SILENT HILL f se déroule dans les années 60 et dans un cadre rural, je suppose donc qu'il y a là autre chose à l'œuvre qu'une simple technique narrative pour isoler ces personnages et leurs relations.

Comme de nombreuses puissances mondiales impliquées dans la Seconde Guerre mondiale, le Japon a vécu une revitalisation rapide qui a mené à un énorme essor économique. Par rapport à d'autres pays ayant souffert de pertes et de destructions similaires, la croissance économique japonaise de l'après-guerre a été si intense que les économistes et les sociologues la qualifient souvent de miraculeuse. Avec une confortable position de troisième économie mondiale et un statut de partenaire stratégique vital pour les États-Unis pendant la Guerre froide, le Japon des années 60 peut paraître un cadre étrangement optimiste pour un jeu d'horreur, vu de l'extérieur.
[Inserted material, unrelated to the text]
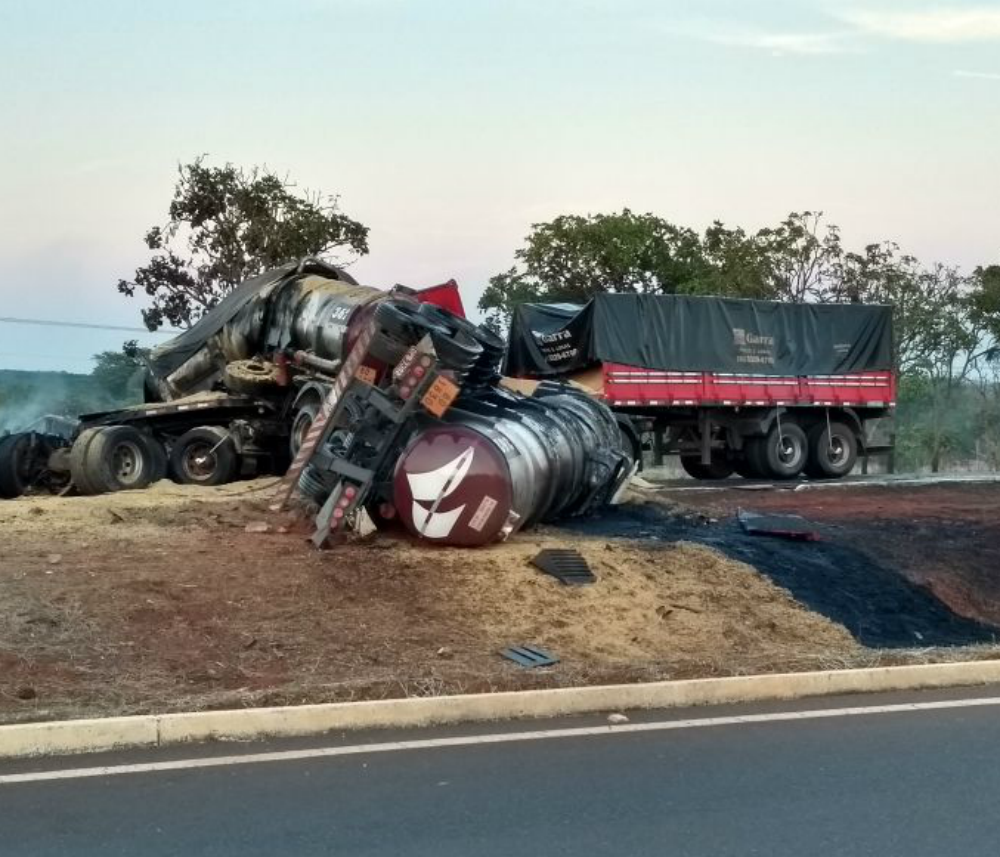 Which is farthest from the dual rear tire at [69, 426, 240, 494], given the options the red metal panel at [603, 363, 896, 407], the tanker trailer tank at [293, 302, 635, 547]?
the red metal panel at [603, 363, 896, 407]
Mais rattraper et même dépasser son PIB par tête d'avant-guerre (et cette fois sans empire colonial) a coûté cher au pays. La nation insulaire s'est industrialisée. Rapidement. Les entreprises subventionnées par le gouvernement ont eu besoin de travailleurs pour remplir les usines. Les ouvriers y sont donc allés, attirés par des salaires plus élevés, un emploi stable et une meilleure qualité de vie, grâce à la mise en place par le gouvernement de filets de sécurité sociaux et d'investissements dans des services publics comme les transports.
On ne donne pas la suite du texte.